Prompt
Transcribe exactly the lines below that begin at the line with "Отель Feelathome Center Apartments Испания, Барселона" and stop after the line with "cận cảnh Steel", leaving out every picture.

Data extracts

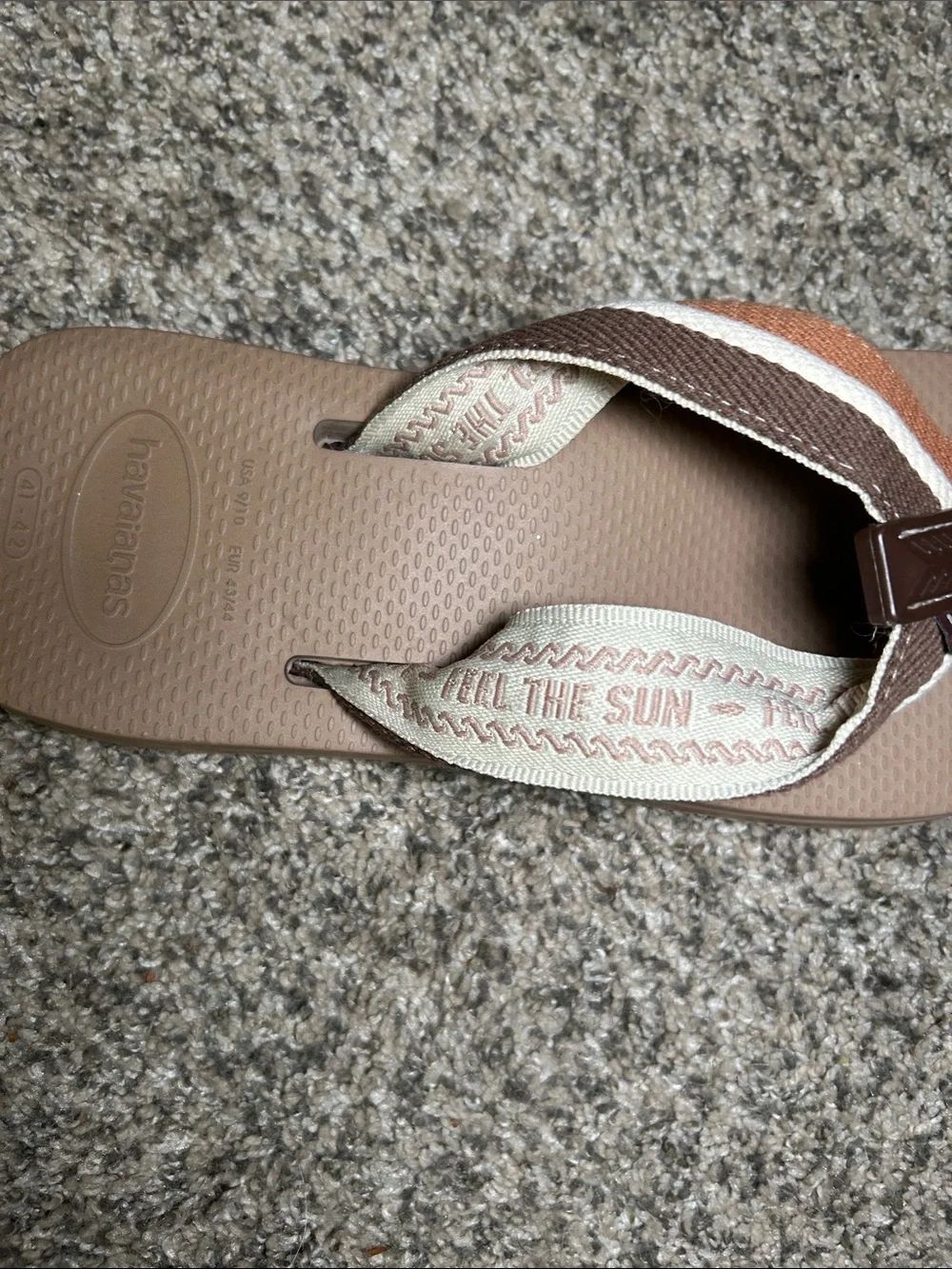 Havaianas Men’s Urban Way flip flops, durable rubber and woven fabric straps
==
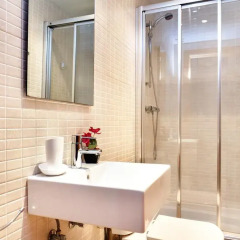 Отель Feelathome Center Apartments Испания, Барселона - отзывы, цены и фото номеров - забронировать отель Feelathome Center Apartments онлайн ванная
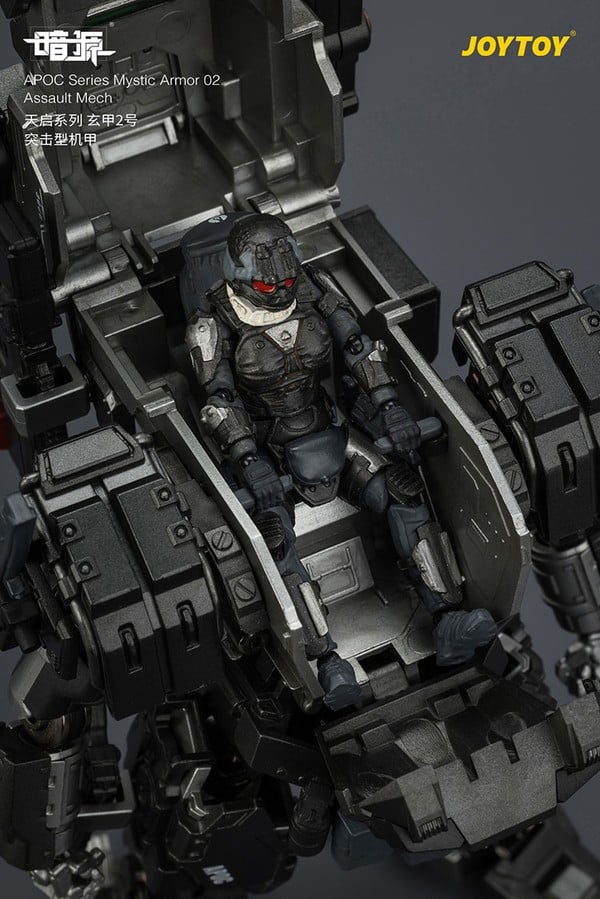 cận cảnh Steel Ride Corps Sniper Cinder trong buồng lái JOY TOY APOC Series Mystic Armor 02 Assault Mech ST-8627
---
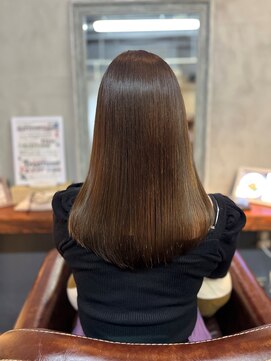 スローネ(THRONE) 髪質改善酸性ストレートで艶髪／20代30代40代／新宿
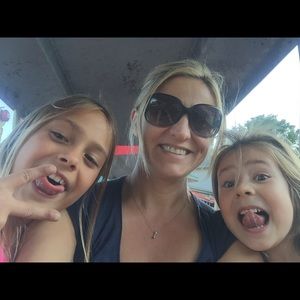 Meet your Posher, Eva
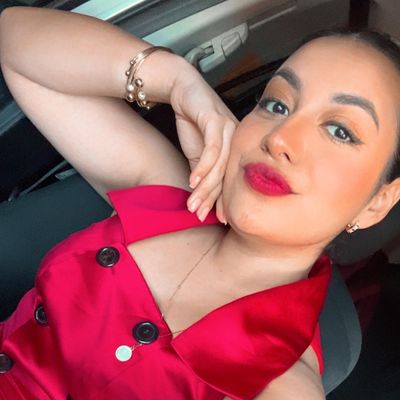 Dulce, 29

Answer box
 Отель Feelathome Center Apartments Испания, Барселона - отзывы, цены и фото номеров - забронировать отель Feelathome Center Apartments онлайн ванная
 cận cảnh Steel Ride Corps Sniper Cinder trong buồng lái JOY TOY APOC Series Mystic Armor 02 Assault Mech ST-8627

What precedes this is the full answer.